> [EXERCISE GOAL]: Retype all data exactly as given. Pictures should not be retyped.

> [DATASET EXTRACT]:
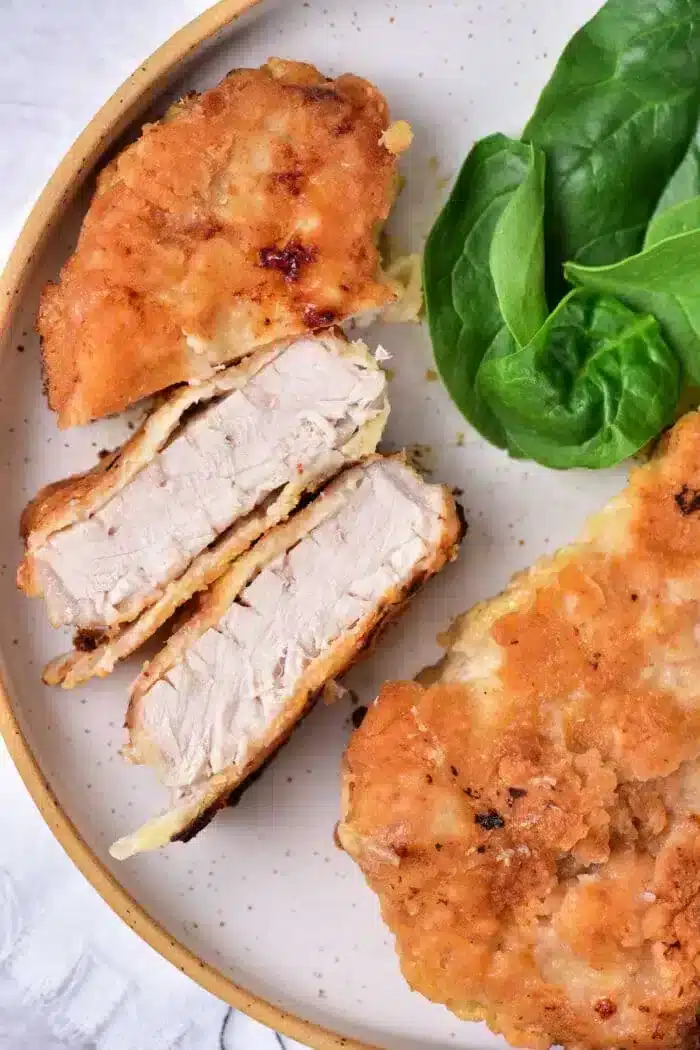 A plate featuring breaded and fried pork cube steaks, with one chop sliced to show the tender interior. Fresh spinach leaves are placed beside the chops on the light-colored plate.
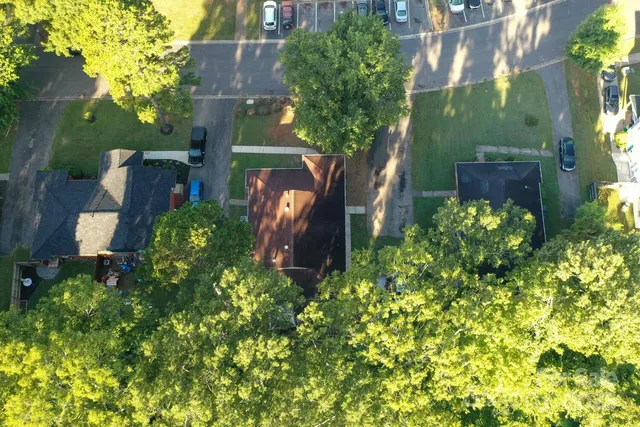 an aerial view of a house with a yard and large trees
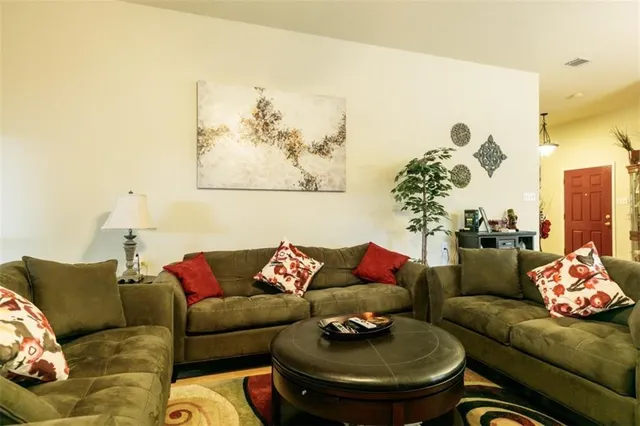 a living room with furniture and a white walls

> [TASK RESULT]:
 A plate featuring breaded and fried pork cube steaks, with one chop sliced to show the tender interior. Fresh spinach leaves are placed beside the chops on the light-colored plate.
 an aerial view of a house with a yard and large trees
 a living room with furniture and a white walls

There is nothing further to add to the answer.